R.I. exports continue to fall in April, but outlook positive

ALTHOUGH exports from Rhode Island fell 15.1 percent in April, the outlook for the rest of 2013 remains positive. Orders from abroad, especially in emerging economies, are expected to moderately increase in the second half of the year. / COURTESY E-FORECASTING.COM
ALTHOUGH exports from Rhode Island fell 15.1 percent in April, the outlook for the rest of 2013 remains positive. Orders from abroad, especially in emerging economies, are expected to moderately increase in the second half of the year. / COURTESY E-FORECASTING.COM

PROVIDENCE – Exports from the Ocean State dropped 15.1 percent in April to $155.5 million on a month-to-month, seasonally adjusted basis after falling 5.1 percent in March, according to an international trade statistics report from e-forecasting.com.
Overseas shipments from Rhode Island manufacturers, which accounted for 71 percent of the month’s exports, decreased 3.9 percent from March to April to $109.8 million, seasonally adjusted.
Exports of non-manufactured goods totaled $45.7 million in April, a 33.7 percent drop from the $66.7 million shipped in March. Non-manufactured goods include agricultural goods, mining products and re-exports, which are foreign goods that entered the state as imports and are exported in the same condition.
Year over year in April, total exports from Rhode Island fell 27 percent, or $57.4 million, from April 2012. For the state’s manufactures, exports dropped 23.3 percent, or $33.4 million, from April last year.
Nationally, exports rose by 0.6 percent to $131.1 billion from April 2012 to April 2013. From March to April 2013, national exports rose 1.4 percent.

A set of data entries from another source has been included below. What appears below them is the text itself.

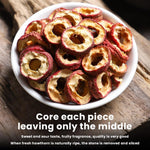 Slices of seedless dried hawthorn fruit on a wooden spoon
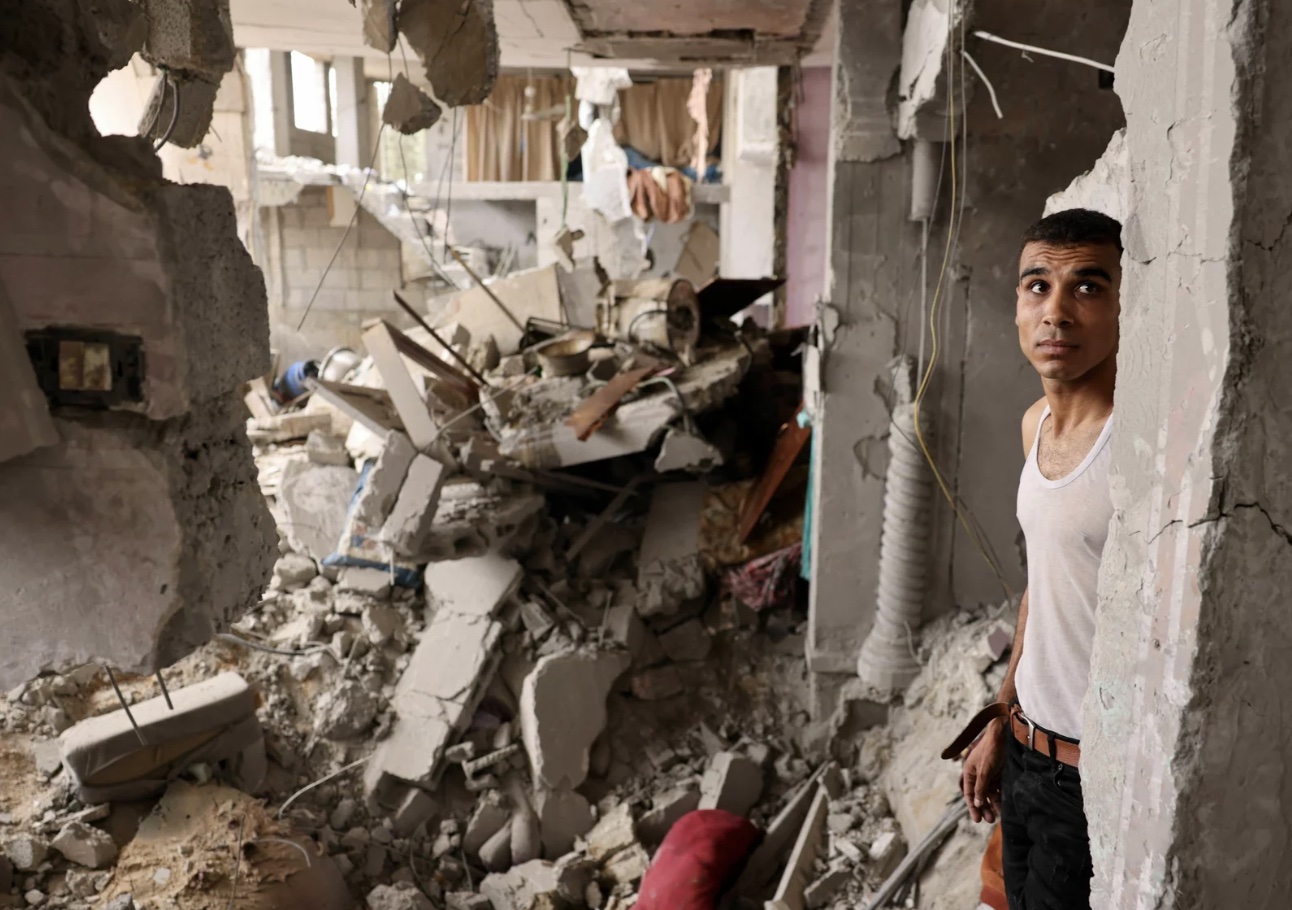 A man stands amid the rubble of a building in the aftermath of Israeli bombing in Rafah in the southern Gaza Strip on Sunday.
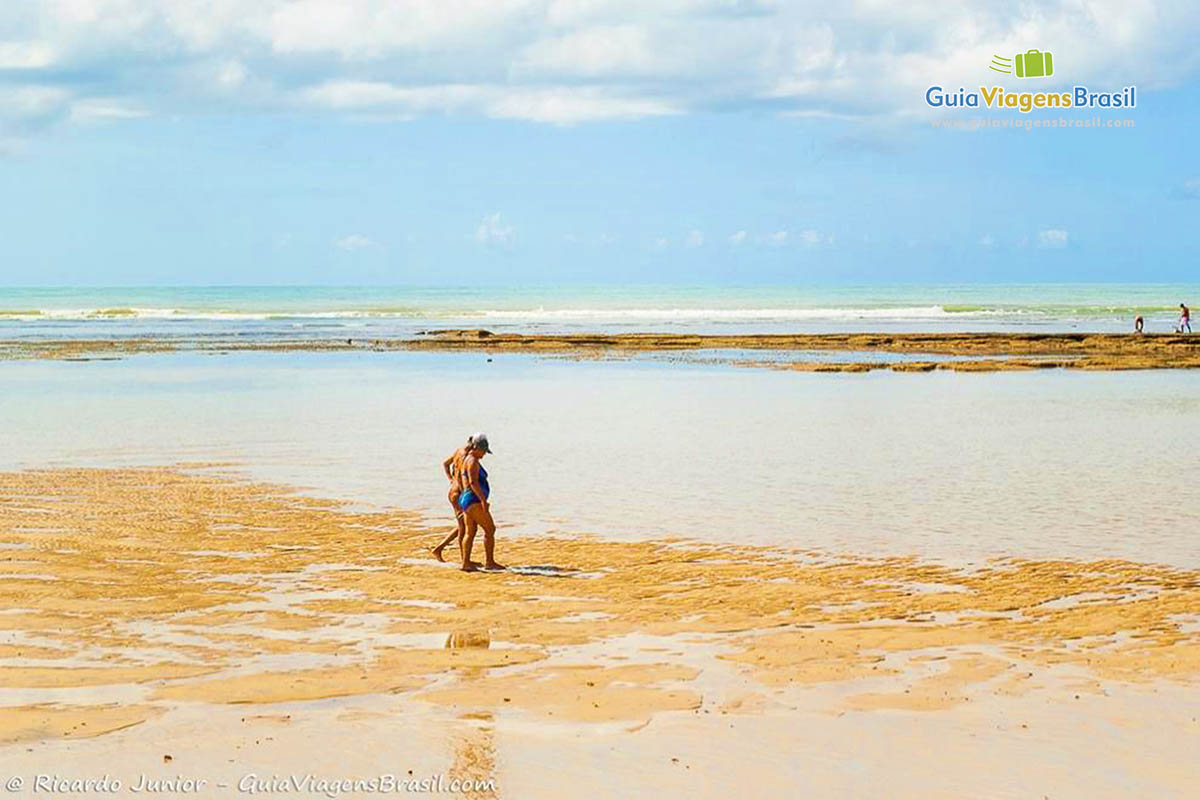 Imagem de pessoas caminhando nas piscinas naturais da Praia do Mucugê. 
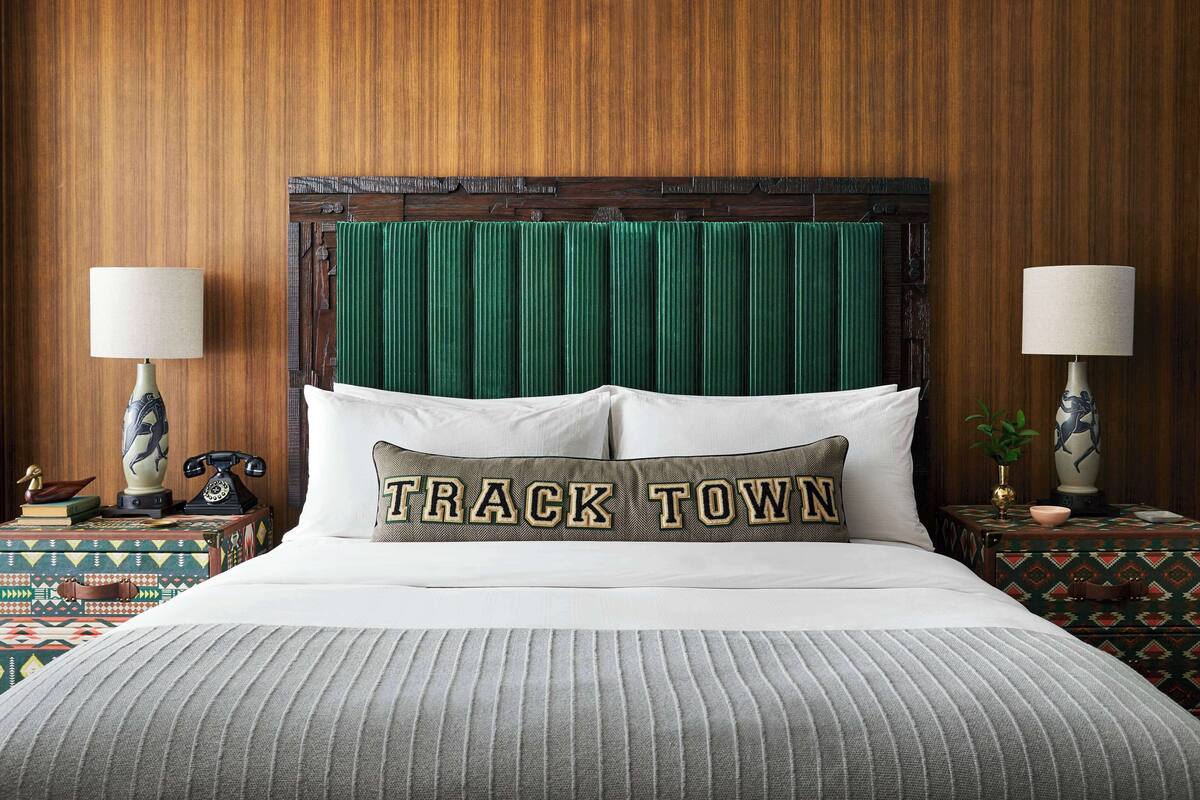 A bed with a green headboard, two bedside tables with lamps, and a pillow with "TRACK TOWN" text.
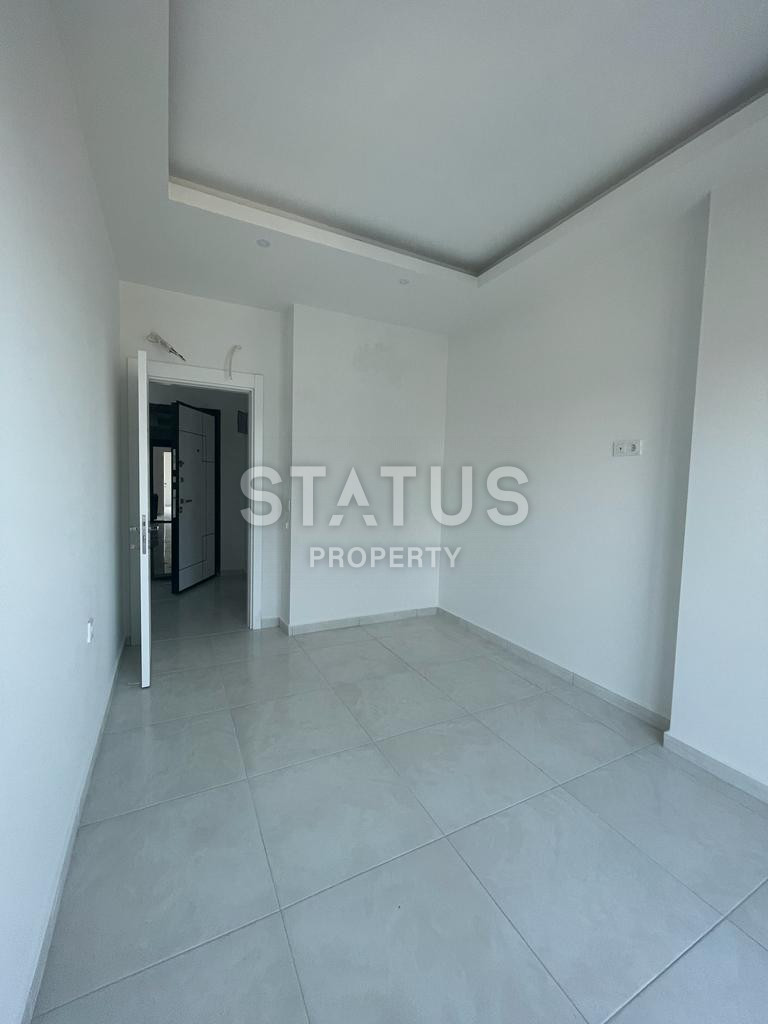 Двухкомнатная квартира в ЖК с отельной инфраструктурой в 600м от моря в Махмутларе. 60м2 фото 15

Year over year, for the first four months of 2013, Rhode Island’s exporters sold 11.5 percent less than they did during the first four months of 2012, as overall exports from the U.S. increased 0.8 percent year over year, according to the report.
Nationally, Rhode Island ranked No. 44 in export growth among the 50 states for the first four months of the year.
The e-forecasting report said that global indicators are pointing toward an upcoming recovery in international trade, good news for state exporters.
“The expectations of gains in worldwide trade translates to good news for Rhode Island’s exporters,” Chief Economist Evangelos Otto Simos said in a report analyzing the export statistics. “In the second half of 2013, orders from abroad, especially from emerging economies, are forecast to moderately increase relative to current levels, which would improve production and generate new export-related jobs in Little Rhody.”